{{clarification note: sandersonsistersspellbook and books-n-cleverness are the same person}}

sandersonsistersspellbook:

do you ever think about how the series of events that lead to Dumbledore’s death in HBP was literally set into motion by Oliver Wood’s passion for Quidditch

 

sandersonsistersspellbook:

okay but literally I can’t stop thinking about this –

it is of course possible that Draco would have gotten the Death Eaters into the school some other way if the Vanishing Cabinet hadn’t created the perfect opportunity, but it wasn’t looking likely.

so like, it’s reasonable enough to assume that Dumbledore’s death (at the hands of Snape specifically, obviously I know he was going to die soon enough from the curse, but the timing does make a difference so I’m still focused on this) occurred because of the Death Eaters getting into the school. the reason the Death Eaters were able to get into the school was because of the Vanishing Cabinet in the Room of Requirement, which Draco repaired.

the Vanishing Cabinet ended up in the Room of Requirement over the summer of 1996, presumably (reasoning for this is in the next paragraph), and Draco discovered it there sometime in his 6th year. but the only reason he had even known what it was, and what it could do, was because he had spoken with….

Graham Montague, a Slytherin who was in 7th year in 1995-1996 (when Harry & co were in 5th year).

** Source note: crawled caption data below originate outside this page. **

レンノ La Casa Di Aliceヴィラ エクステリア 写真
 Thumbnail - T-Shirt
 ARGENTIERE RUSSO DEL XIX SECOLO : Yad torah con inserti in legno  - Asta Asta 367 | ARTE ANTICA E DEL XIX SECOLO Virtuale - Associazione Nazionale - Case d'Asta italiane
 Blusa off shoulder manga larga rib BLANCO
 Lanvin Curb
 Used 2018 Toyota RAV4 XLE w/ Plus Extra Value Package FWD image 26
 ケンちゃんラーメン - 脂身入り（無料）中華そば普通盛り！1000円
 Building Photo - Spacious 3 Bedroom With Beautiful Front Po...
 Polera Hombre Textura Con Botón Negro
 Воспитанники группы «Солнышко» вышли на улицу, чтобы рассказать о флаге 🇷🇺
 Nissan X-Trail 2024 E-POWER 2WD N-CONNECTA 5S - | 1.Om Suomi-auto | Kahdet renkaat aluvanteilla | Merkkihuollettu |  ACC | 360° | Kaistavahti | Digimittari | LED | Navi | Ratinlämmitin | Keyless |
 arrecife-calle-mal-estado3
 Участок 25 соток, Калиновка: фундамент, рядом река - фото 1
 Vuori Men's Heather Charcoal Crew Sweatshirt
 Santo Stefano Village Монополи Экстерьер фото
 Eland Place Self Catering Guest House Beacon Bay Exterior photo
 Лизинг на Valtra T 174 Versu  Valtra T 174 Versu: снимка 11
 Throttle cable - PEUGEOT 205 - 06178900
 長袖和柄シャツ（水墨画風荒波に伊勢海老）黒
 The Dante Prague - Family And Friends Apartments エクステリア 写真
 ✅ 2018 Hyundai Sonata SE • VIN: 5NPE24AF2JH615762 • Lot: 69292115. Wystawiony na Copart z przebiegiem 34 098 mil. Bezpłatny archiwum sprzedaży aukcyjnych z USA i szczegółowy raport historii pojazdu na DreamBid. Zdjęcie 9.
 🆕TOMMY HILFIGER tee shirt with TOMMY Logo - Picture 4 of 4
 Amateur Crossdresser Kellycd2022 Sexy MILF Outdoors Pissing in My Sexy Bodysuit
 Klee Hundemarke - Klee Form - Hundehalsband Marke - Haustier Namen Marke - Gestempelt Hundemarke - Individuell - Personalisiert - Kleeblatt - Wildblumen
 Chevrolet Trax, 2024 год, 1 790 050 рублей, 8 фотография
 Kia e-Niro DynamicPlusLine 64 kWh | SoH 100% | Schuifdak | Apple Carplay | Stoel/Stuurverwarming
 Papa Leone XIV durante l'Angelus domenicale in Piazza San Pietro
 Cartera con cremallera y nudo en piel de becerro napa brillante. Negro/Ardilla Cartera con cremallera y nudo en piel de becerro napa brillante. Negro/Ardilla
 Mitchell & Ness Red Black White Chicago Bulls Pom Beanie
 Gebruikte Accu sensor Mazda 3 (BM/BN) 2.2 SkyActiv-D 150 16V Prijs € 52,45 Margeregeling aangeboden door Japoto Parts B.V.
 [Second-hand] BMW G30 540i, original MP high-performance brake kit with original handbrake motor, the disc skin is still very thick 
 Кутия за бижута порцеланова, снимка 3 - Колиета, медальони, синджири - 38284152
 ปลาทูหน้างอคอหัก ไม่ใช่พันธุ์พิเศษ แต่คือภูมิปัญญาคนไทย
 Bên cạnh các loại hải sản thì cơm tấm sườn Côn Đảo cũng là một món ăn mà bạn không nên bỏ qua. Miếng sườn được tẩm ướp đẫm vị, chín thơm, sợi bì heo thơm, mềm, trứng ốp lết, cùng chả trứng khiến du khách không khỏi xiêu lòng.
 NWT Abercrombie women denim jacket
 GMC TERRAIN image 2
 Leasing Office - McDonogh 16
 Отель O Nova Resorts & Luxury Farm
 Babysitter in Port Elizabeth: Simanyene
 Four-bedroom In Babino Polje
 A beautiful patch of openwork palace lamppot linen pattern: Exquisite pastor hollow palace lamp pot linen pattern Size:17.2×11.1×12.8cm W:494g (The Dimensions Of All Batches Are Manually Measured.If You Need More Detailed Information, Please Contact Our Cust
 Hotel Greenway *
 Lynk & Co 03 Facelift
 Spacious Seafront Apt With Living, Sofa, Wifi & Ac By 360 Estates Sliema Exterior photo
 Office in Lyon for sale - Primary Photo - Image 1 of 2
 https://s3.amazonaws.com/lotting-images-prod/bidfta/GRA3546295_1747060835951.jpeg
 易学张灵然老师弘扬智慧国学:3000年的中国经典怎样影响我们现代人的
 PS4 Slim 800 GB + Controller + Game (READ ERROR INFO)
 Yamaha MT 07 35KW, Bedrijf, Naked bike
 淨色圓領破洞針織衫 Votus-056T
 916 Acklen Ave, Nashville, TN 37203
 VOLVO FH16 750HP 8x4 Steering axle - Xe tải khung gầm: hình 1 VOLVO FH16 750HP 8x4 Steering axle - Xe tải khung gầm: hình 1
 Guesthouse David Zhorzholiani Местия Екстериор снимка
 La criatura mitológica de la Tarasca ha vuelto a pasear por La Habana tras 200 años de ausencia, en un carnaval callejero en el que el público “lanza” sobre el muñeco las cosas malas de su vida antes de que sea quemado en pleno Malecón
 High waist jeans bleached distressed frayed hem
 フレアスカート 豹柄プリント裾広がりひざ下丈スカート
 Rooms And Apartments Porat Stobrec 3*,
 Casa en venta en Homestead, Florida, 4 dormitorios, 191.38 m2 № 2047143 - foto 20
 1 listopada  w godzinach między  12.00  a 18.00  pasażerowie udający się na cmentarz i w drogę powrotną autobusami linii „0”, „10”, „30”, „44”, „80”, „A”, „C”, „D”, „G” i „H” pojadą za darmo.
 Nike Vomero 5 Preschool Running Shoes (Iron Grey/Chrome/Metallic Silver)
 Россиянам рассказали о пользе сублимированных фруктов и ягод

Montague was shoved into the Vanishing Cabinet in that year by Fred and George Weasley, because he was a part of the Inquisitorial Squad and was presumably about to take points from the Weasley twins for doing something disruptive. and we know that Montague got stuck in a limbo between the two connected cabinets, due to one of them being broken – he could hear things being discussed in Borgin & Burkes, which is how he was able to let Malfoy know that the other “end of the tunnel”, or basically the other cabinet, was in Borgin & Burkes (which, Draco would already have seen as a 12-year-old, in the summer before his 2nd year, when he visited the shop with his father – fun fact, Harry hid in that exact cabinet while Lucius Malfoy was transacting with Borgin).

Montague would never have had this experience at all if the cabinet hadn’t been broken in the first place. but in fact, we know exactly how, when, why, and by whom the cabinet was broken.

it was in the fall of 1992, when Nearly Headless Nick observed that Harry had gotten in trouble with Filch, and prompted Peeves to drop that very same cabinet from a large height in order to cause a distraction for Filch, allowing Harry to get out of trouble.

why was Harry in trouble in the first place? because he was “tracking mud” in the corridors.

why was he tracking mud in the corridors? because Oliver Wood had had him out on the Quidditch pitch all day even though it had been literally storming outside. so Harry came into the castle drenched and splattered with mud.

Dumbledore literally died because of how obsessed Oliver Wood was with winning the Quidditch Cup.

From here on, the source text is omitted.